In consumer credit, those banks who compete to offer you car loan terms are
relying on a big ecosystem.

There are credit bureaus to give you a FICO score. There are state laws about
roads and traffic and licensure and insurance and repossession and collections
to protect their downside. There is a governmental infrastructure of auto
titles to prove your ownership claims. There is Kelly Blue Book or other
sources to value your collateral, the nature of which changes slowly over the
years. There is a dealer network (and e.g. Bankrate) to distribute your
"product." There are millions of precedent transactions for use in modeling
default rates, marking the collateral value over time, etc. And as a bank you
are entirely passive, merely smoothing consumption of a depreciating asset
over time.

In VC-land, the terms are almost the least of the problems. The ecosystem is
absent (or radically less developed).

There is no "FICO score" or other agreed way to evaluate the entrepreneur.

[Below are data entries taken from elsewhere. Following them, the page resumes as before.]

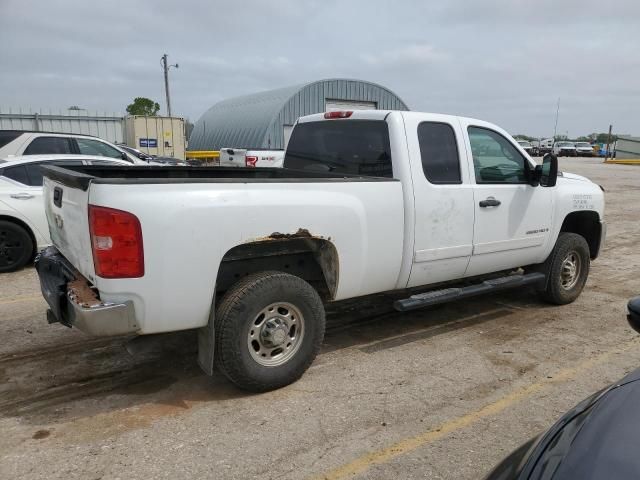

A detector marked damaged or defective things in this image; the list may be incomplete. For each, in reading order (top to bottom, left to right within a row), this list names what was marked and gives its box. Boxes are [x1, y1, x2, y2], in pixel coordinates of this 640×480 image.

damaged rear bumper [35, 248, 138, 338] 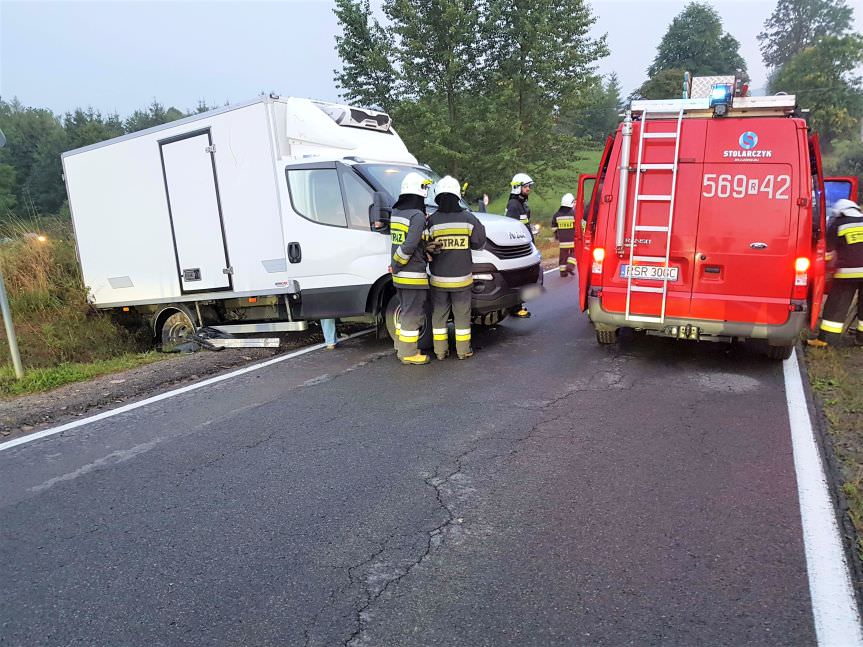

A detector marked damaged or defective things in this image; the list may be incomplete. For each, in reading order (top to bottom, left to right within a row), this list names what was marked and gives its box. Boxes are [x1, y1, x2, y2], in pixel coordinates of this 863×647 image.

cracked asphalt [1, 274, 816, 647] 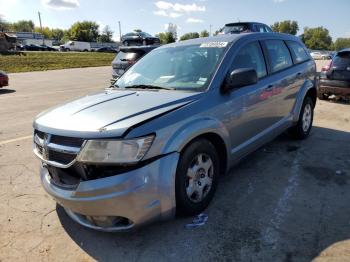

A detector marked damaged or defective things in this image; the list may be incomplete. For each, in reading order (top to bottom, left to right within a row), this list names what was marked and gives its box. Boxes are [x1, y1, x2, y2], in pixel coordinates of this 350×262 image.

damaged hood [35, 88, 200, 137]
cracked headlight [78, 135, 154, 164]
damaged front bumper [39, 152, 179, 232] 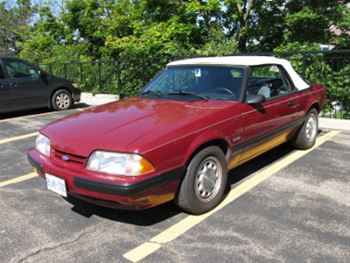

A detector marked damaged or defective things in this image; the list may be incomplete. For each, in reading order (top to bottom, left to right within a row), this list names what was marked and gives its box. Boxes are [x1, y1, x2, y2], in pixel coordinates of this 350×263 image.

pavement crack [15, 230, 93, 262] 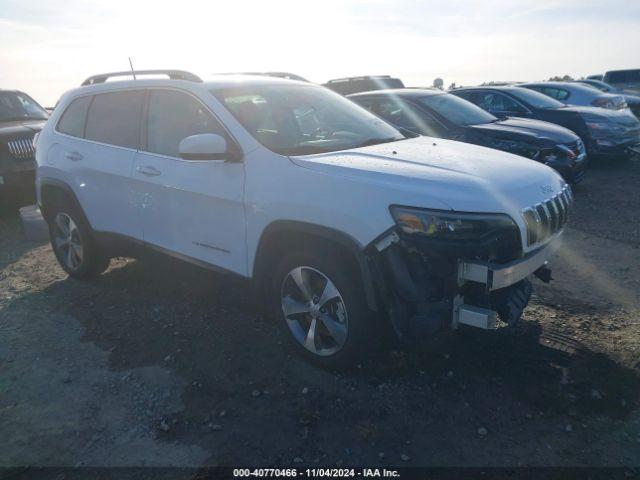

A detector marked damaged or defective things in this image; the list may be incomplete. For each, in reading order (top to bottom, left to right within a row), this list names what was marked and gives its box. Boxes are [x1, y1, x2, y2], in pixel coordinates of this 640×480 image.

damaged front bumper [368, 231, 564, 340] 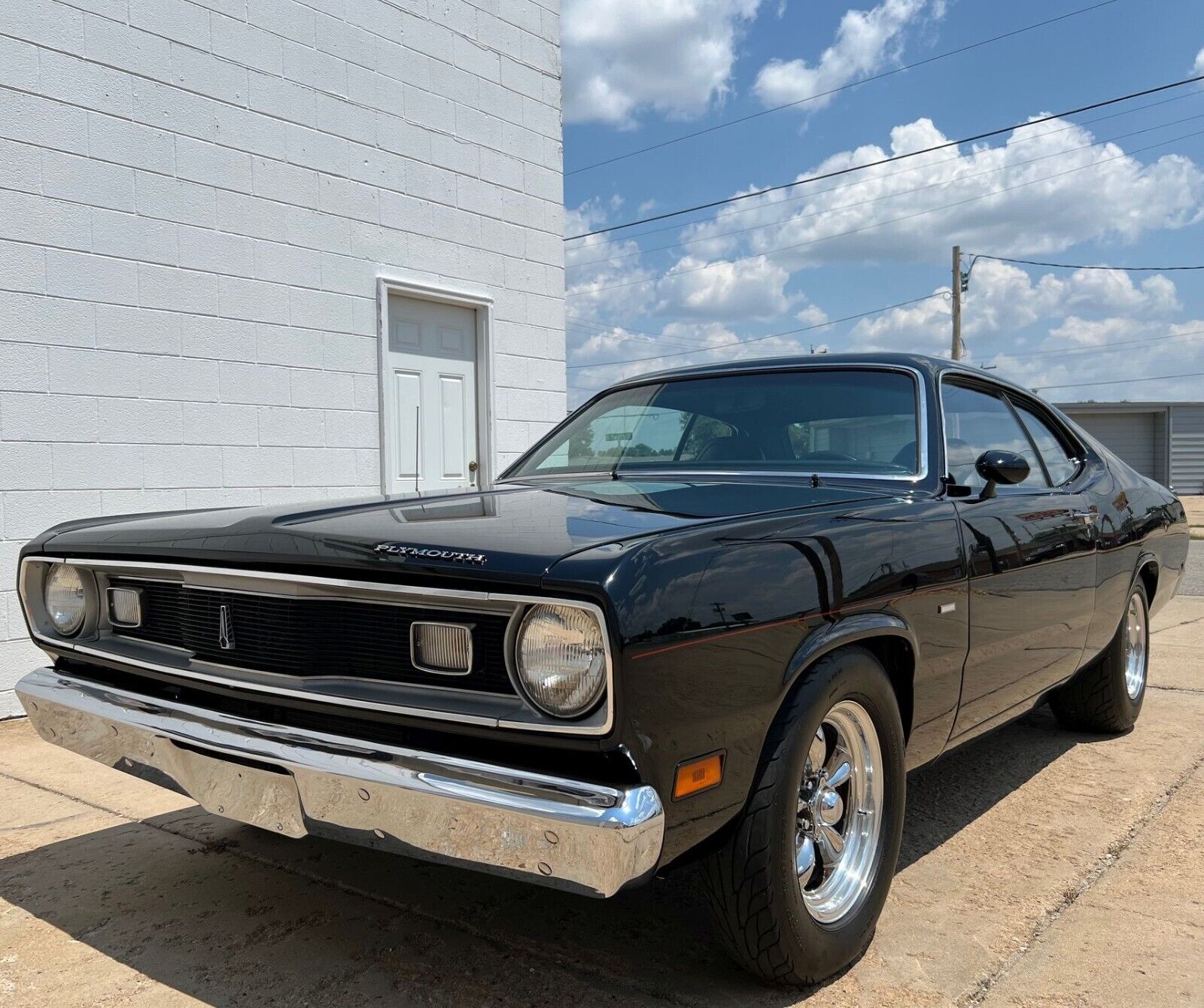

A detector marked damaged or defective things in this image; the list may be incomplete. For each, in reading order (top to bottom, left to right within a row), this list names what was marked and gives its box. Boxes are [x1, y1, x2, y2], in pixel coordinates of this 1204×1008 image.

concrete slab crack [958, 745, 1204, 1005] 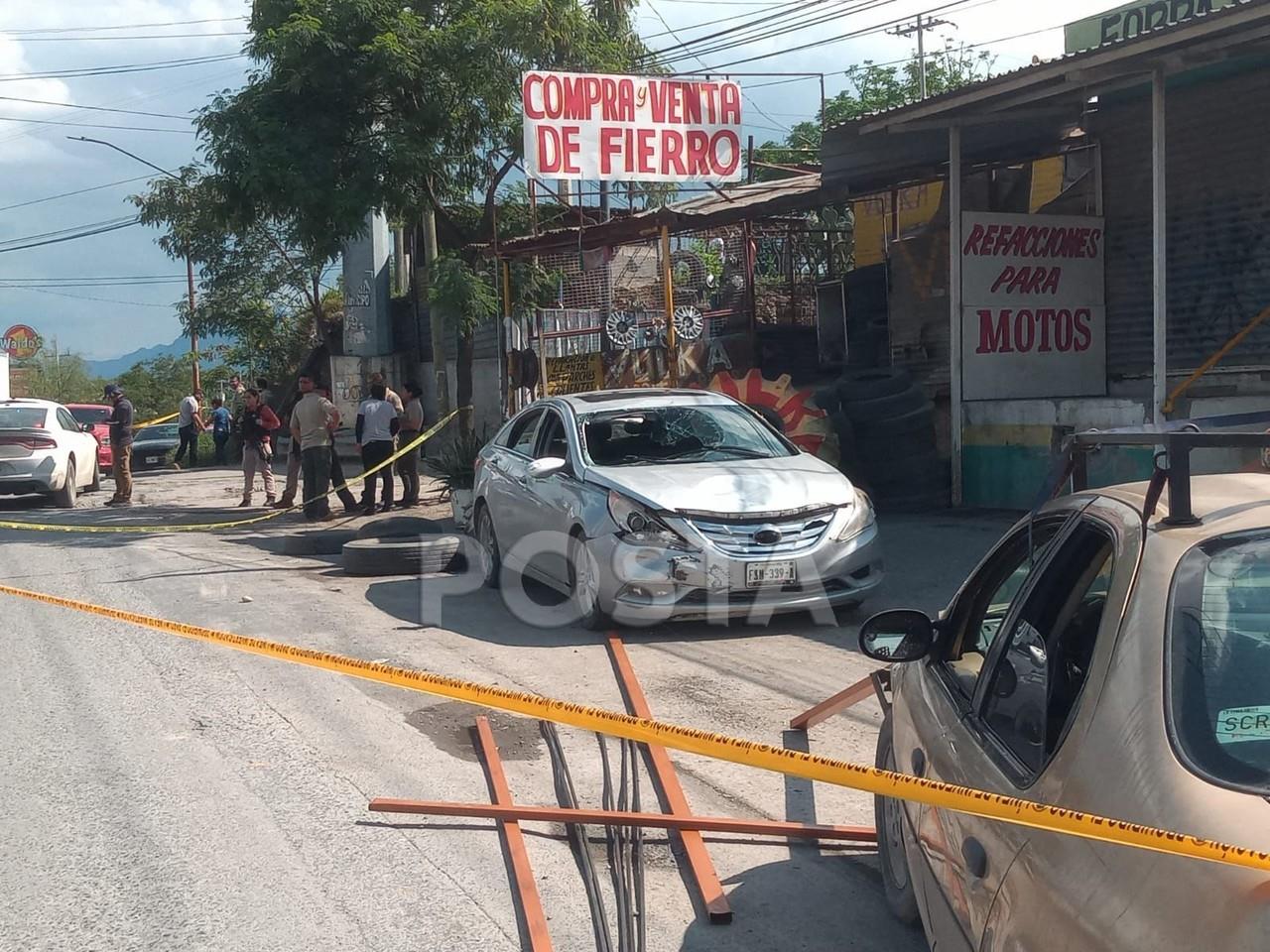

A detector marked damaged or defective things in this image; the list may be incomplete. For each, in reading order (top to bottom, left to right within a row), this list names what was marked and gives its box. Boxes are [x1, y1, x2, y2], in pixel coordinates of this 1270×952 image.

There is no "Kelly Blue Book" to evaluate the collateral (underlying).

The collateral changes year by year, and (to stretch the car comparison) is
often engineered to try and annihilate all of the prior collateral to which it
was compared.

Nobody has a driver license. The roads aren't yet paved.

There are tens of thousands of precedent transactions, but the power-law
distribution of outcomes means that they are basically incommensurable, since
one out of 10,000 might end up being bigger returns than all the rest put
together.

And most crucially, the VC cannot take a passive role: the default state of
venture funded businesses is rapid change and need for continuous new and
risky decisions about team, market, new financing, etc.

So. Maybe it would be better compared to lending money to demolition derby
drivers who are expected to pay you back out of the prize money, which all
goes to the winner of the derby.

(Source: 10 years in tech finance/investment roles. Self-serving biases
acknowledged.)

------
inputcoffee
It would be interesting to an analysis of the composition of the VC fanbase.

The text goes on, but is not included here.